Elliot and Ken played a game of Balloon Cup while waiting for Linie 1 to finish. This was a first time for both, but they quickly got the hang of it and didn't have any lock-ups. Elliot won but didn't appear to be thrilled with the game. Ken is eager to try it again.
I asked Ken to bring this since I've been wanting to play it ever since I gave it to him as a birthday gift (that sounds very self-serving, doesn't it?). This is a train game (I just realized this was a very transportation-oriented session - trolleys, balloons, and trains) set in middle America - comfortable territory for me since I've lived in 3 of the cities represented on the map (St. Louis, Indianapolis, and Des Moines). Players compete by building rail line segments between cities and establishing shipping lanes to increase their annual revenues. The longer a route used to ship the goods, the more income produced. Cash flow is a major factor in this game - just like the real business world, you almost certainly need to issue shares to get cash to build your lines. The player that gets to positive cash flow early has a good chance of pulling ahead, but there are some interesting mechanics that prevent a runaway situation. As business grows, so does the complexity of managing operations (margins can decline), so there's a progressive income reduction at the end of each turn depending on the income level. Ken got control of the middle of the board early, was fiscally responsible and got his locomotive upgraded to transport 3 segments by the third turn. Ken won the game, with Doug, Elliot, and I close behind (I had a good comeback but never recovered from a negative cashflow situation early the game that knocked down my income two notches). Kevin finished a distant last but I got the sense this game wasn't his cup of tea. I loved the game and am eager to try some of the other train games (18xx series, Volldampf).
This was a bargain I picked up at the Wizards of the Coast store so Ken, Elliot and I decided to break it out and give it a first try. This game surpassed my expectations. The goal of the game is to collect the most artifacts, and artifacts are purchased using treasures. Players successively place secret bids on treasure caves, town stores (where special abilities can be purchased), and palace rooms (where artifacts can be purchased). In some cases only the winner of the auction in a particular room gets anything, in other cases there are staggered prizes even for the losers. There was one point of confusion that we need to investigate - the rules state that in a 3-player game, only two sets treasures should be placed in the dragon caves (so the 3rd place finisher wouldn't win anything). But the 3-player treasure cards show three treasure sets in several cases. We assumed the cards overruled the printed rules, but we could have been wrong. This was a very close game - Elliot one by collecting the most scroll artifacts, which was the tie-breaker and we all finished with six artifacts.
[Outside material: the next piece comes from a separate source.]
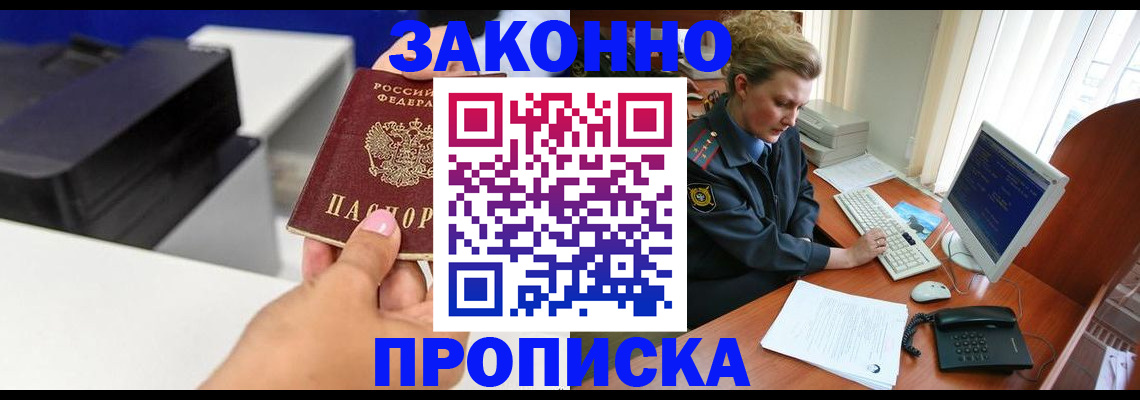 временная регистрация 2026 в Бутурлиновке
Ken and I wrapped up the evening with a shortened game (to 100) of MR4. I like the rummy games, particularly Wyatt Earp, and I suggested this once since I think it plays better with two than Wyatt Earp. I got off to a quick lead, but Ken cam back at the end to edge me out. The final score was something like 112 to 102. The designer, Mike Fitzgerald, wrote a great strategy article on spielfrieks that I need to read and digest before playing this again.